29 前から知っていた
「えっ!?」
「ごっ、めんなさい、混乱しました。忘れてください」
「あはははははは、ユディが、取り繕えないくらい焦ってる。面白すぎ。アリスさんグッジョブ!」
慌てて言葉に詰まる私を見て、エルダは大笑いを始めた。およそ貴族令嬢としてはふさわしくない豪快な笑い方だ。しかもグッジョブなんて下町言葉だし。
案の定、エルダの様子とくだけた言葉遣いにアリスは目を白黒させている。
「えっ、ぐっじょぶ? え?」
「エルダ……」
このやろう、という気持ちを込めて半眼で睨みつけるけれど、エルダは楽しそうに笑い続ける。

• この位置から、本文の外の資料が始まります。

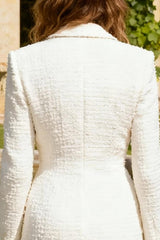 Tweed Peak Lapel Double Breasted White Work Dress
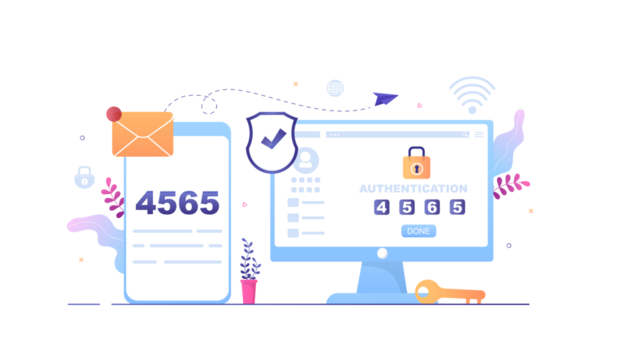 Illustration depicting two-factor authentication process with a mobile phone and computer.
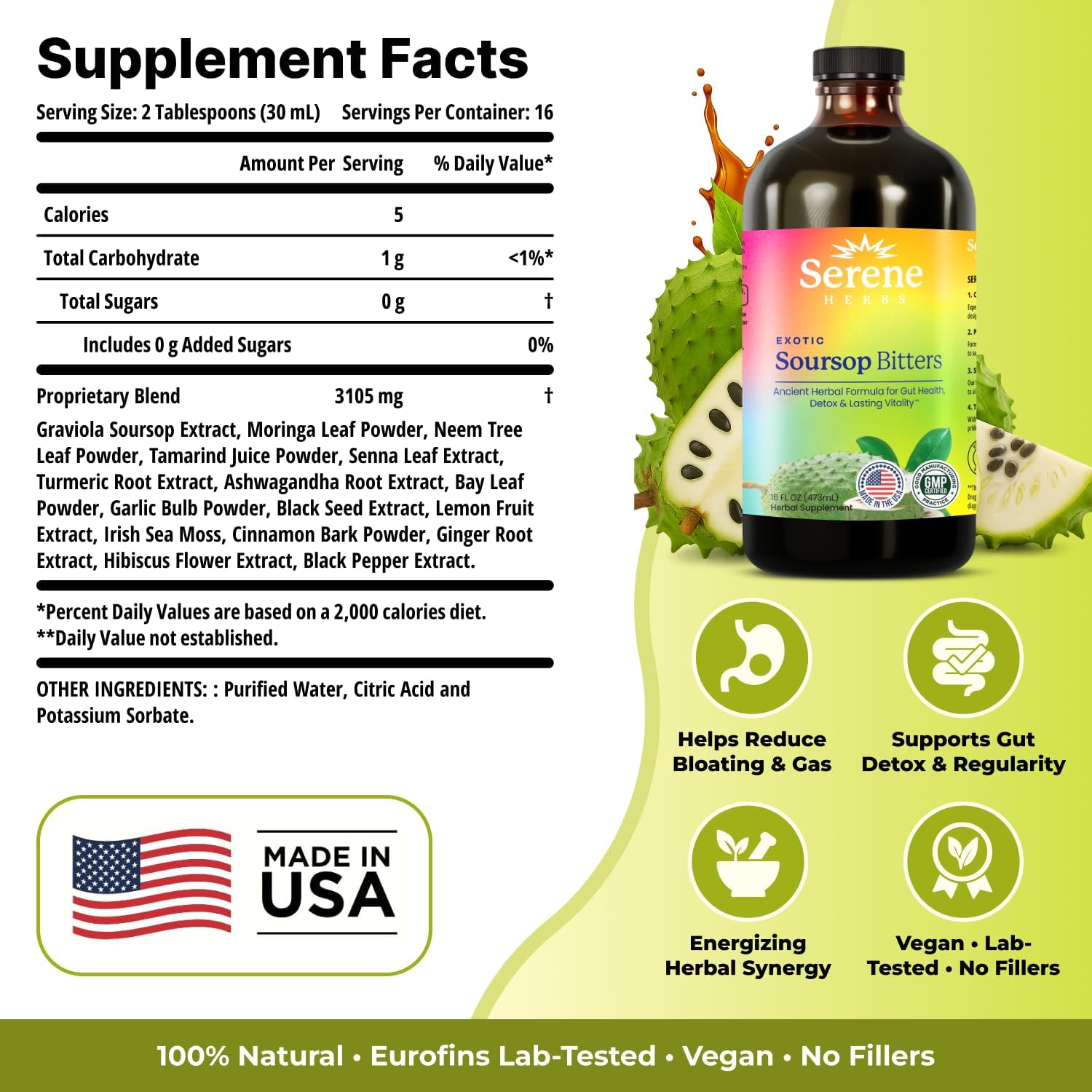 Supplement Facts showing 3105mg proprietary blend with benefits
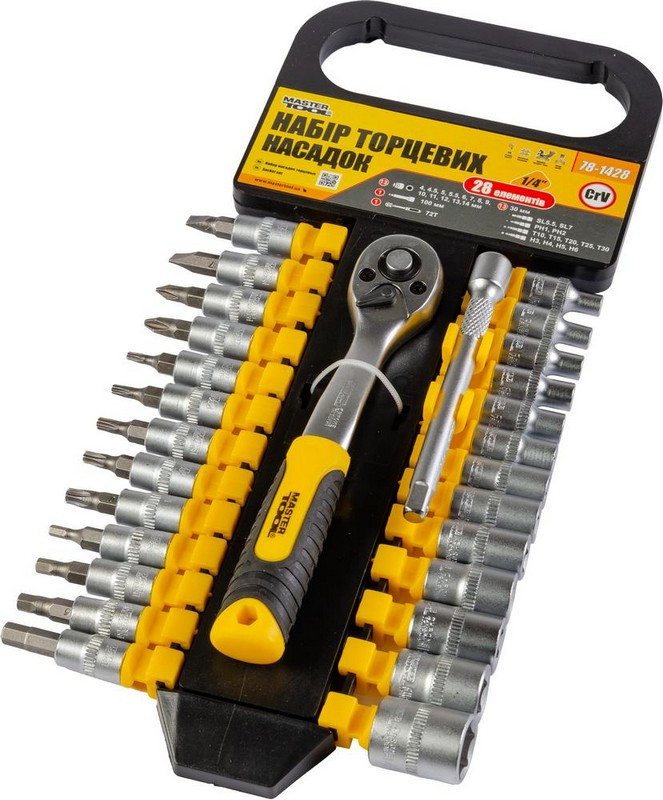 Набір насадок торцевих MASTERTOOL PROFI CrV 1/4" 4-14 мм подовжувач 100 мм тріскачка 72Т 28 шт 78-1428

「はあお腹痛い。アリスさん楽にしていいわ。もっとフランクに話しましょ? 薄々分かってたと思うけど、私は本来こういう性格だしユディだって似たようなものだから」
「楽にしていいというのは賛同するけど、エルダと似たようなものだなんて言われるのは遺憾だわ」
「ユディはね、こんな風に口は悪いし、面倒なことは嫌いだし、部屋ではだらだら過ごすのが好きだし、常に外面取り繕ってるのよ」
「……放っておいて」
そうよ。本当はだらだらゴロゴロして暮らしたいのよ。そのために問題は起こしたくないから外面は大事でしょ?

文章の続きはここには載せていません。